Data excerpt:
● ● ● ● ● ● ●
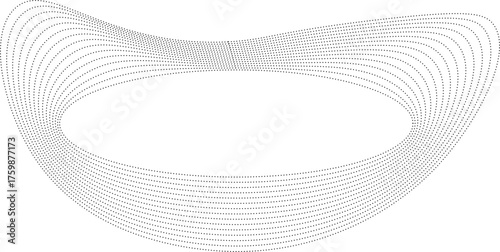 Circular composition with centered void surrounded by flowing wave-shaped dotted contours in dynamic arrangement.
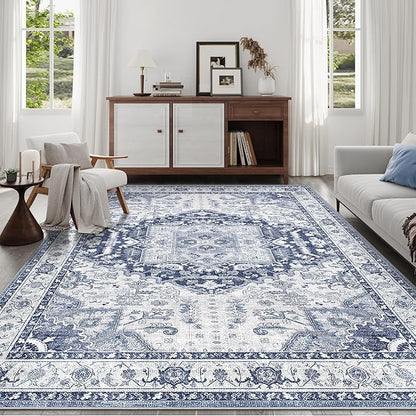 Washable 5x7 Area Rug - Soft Indoor Blue Non Slip Rugs for Living Room Bedroom Low Pile Stain Resistant Vintage Carpet for Home Decor Mat (Navy/Blue,5'x7')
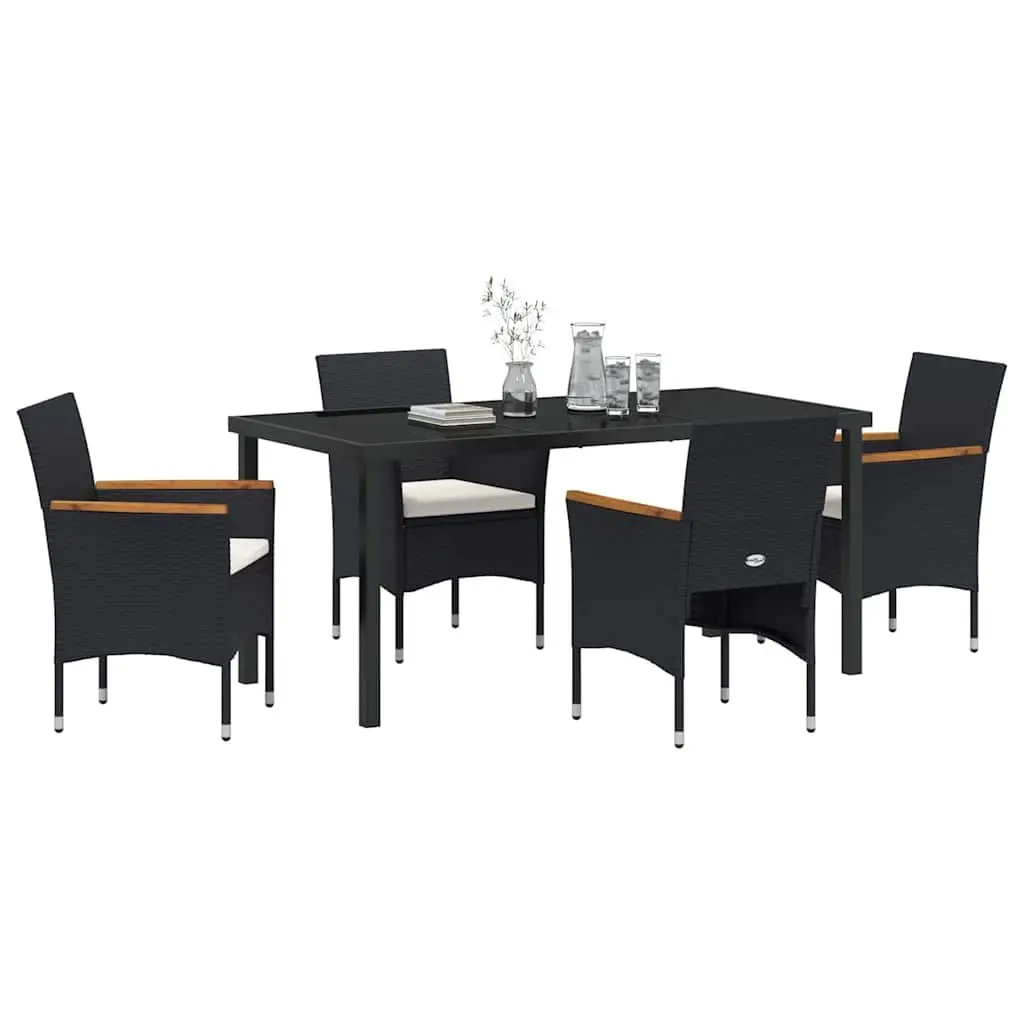 Garden Dining Set Outdoor Patio 5 Pieces Black Poly Rattan Furniture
● ● ● ● ● ● ●
Your copy should match the listing exactly, apart from the pictures it leaves out.

 Circular composition with centered void surrounded by flowing wave-shaped dotted contours in dynamic arrangement.
 Washable 5x7 Area Rug - Soft Indoor Blue Non Slip Rugs for Living Room Bedroom Low Pile Stain Resistant Vintage Carpet for Home Decor Mat (Navy/Blue,5'x7')
 Garden Dining Set Outdoor Patio 5 Pieces Black Poly Rattan Furniture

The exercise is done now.